Allow me though to recount a few salient highlights of this epic voyage to you. I feel the need to unburden myself you understand, to finally let the horror of it all go and move on with my life. I first hit trouble when I turned into Kemang. The flood water was only about 2 feet deep, however I decided not to risk it and made a U-turn, aiming to try another route. Foolishly though I hadn't counted on the swollen rivers that run through the Kemang area, bearing gifts of water from the hills of Bogor .
It took me about an hour to crawl down to Pejaten, including another failed attempt to cross over into Kemang, where I was again confronted with another knee-high water world. I eventually reached the big intersection at Pejaten where a policeman warned me that there was a big flood on the road I was planning to turn up. He then proceeded to wave me in the direction of said flood. I'll honestly never understand this country, not if I live to be 300.
Anyhow, after around 20 minutes of painfully slow crawling back north, me and my fellow traffic jam renegades ground to a total stop. There was indeed an impassable flood ahead, however a U-turn was also out of the question this time as the Busway dividers had us completely penned in.

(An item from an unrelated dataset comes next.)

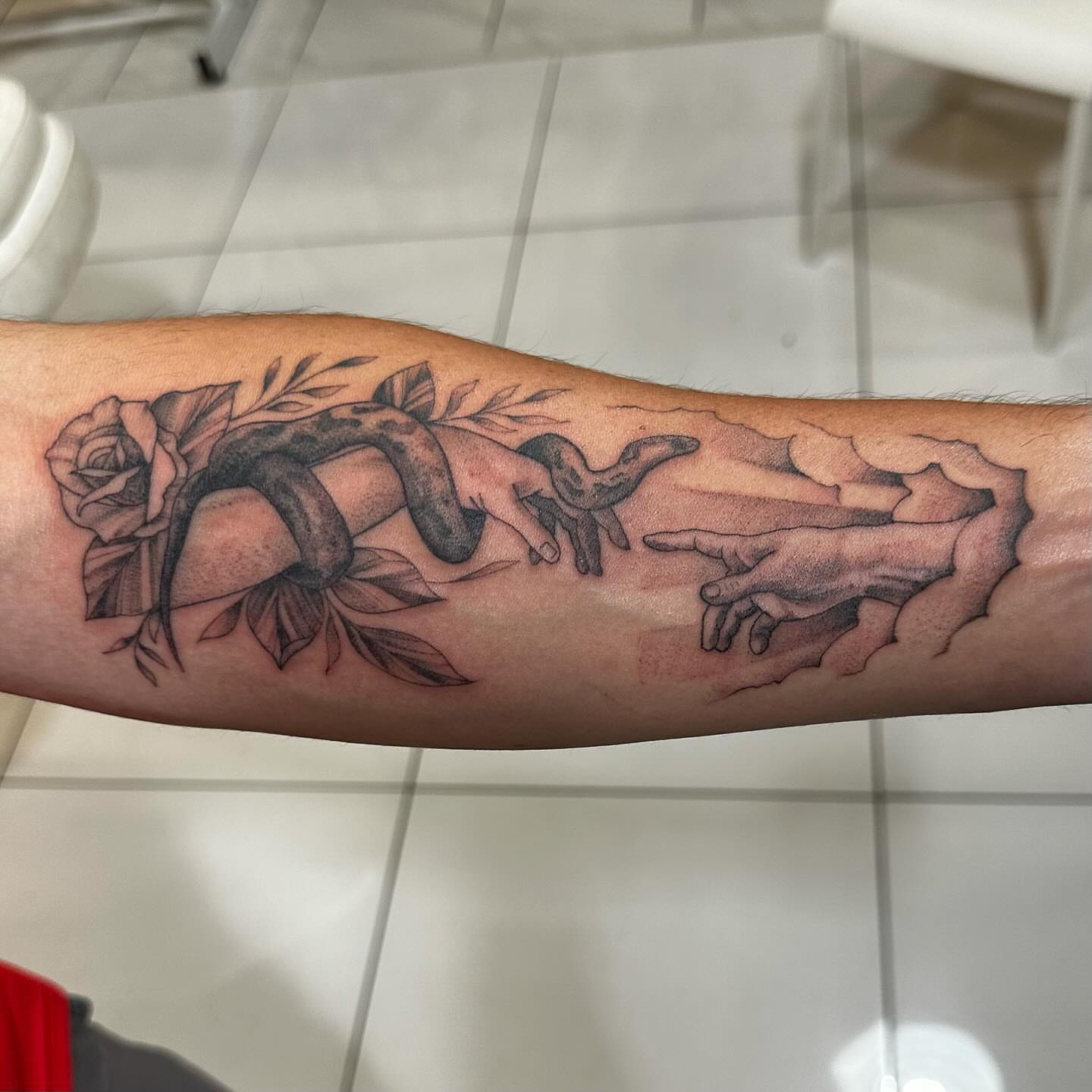 Snake and peony realism tattoo on the forearm by Raul Najera Tattoo, Plano, Texas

Engines began to switch off and I simply got out of the car and left it in the middle of the jam before heading off to a nearby Padang restaurant for a feed.
Relief finally arrived two hours later when some local lads removed a section of the Busway dividers, allowing me and my fellow ‘jamees’ to finally escape the confines of our three laned prison. Yes, my olive twig carrying dove had finally arrived but my ark wasn't out of the woods yet.

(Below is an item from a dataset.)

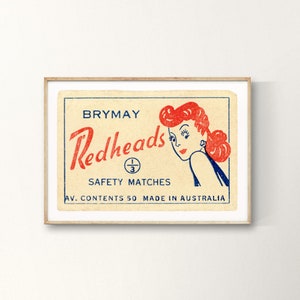 May include: Vintage matchbox label with a redheaded woman illustration. The label reads "Brymay Redheads Safety Matches Av. Contents 50 Made in Australia".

As everywhere to my immediate west had seemingly gone Venetian, I strategized that I could reach home by doubling back through the East via Pasar Minggu and Kalibata. Bad move. The ensuing two and a half hour crawl through endless sets of jammed traffic lights gave me the impression that I'd been cursed in a manner similar to Bill Murray in the movie 'Groundhog Day'.
In the film, Murray is forced to live the same day over and over again. Eventually, reaching his nadir of despair, he commits suicide over and over again in increasingly bizarre ways, only to wake up on the same morning in the same bed after each attempt at buying the harp farm.
I also felt that a time loop was returning me to the same set of lights on the same stretch of jammed road over and over and over again. If my journey had gone on much longer I would have also probably tried to kill myself a thousand times with whatever I could find at hand inside my metal hulled hell.
As the journey wore on I imagined myself forcing the screwdriver in my glove compartment through my eye socket into my cerebellum or drinking litres of radiator fluid, only to be continually reincarnated and returned to the same set of lights on the vision of Hades that was Pasar Minggu Raya.
I was indeed starting to lose the plot a little during the final half hour of my epic voyage. At one point I seriously considered ploughing a fried rice vendor and his trolley into the asphalt for blocking my passage through a set of lights. Eventually I reached home at 10:30 PM and only stopped shaking after I'd consumed about half a bottle of gin. Never again dear readers.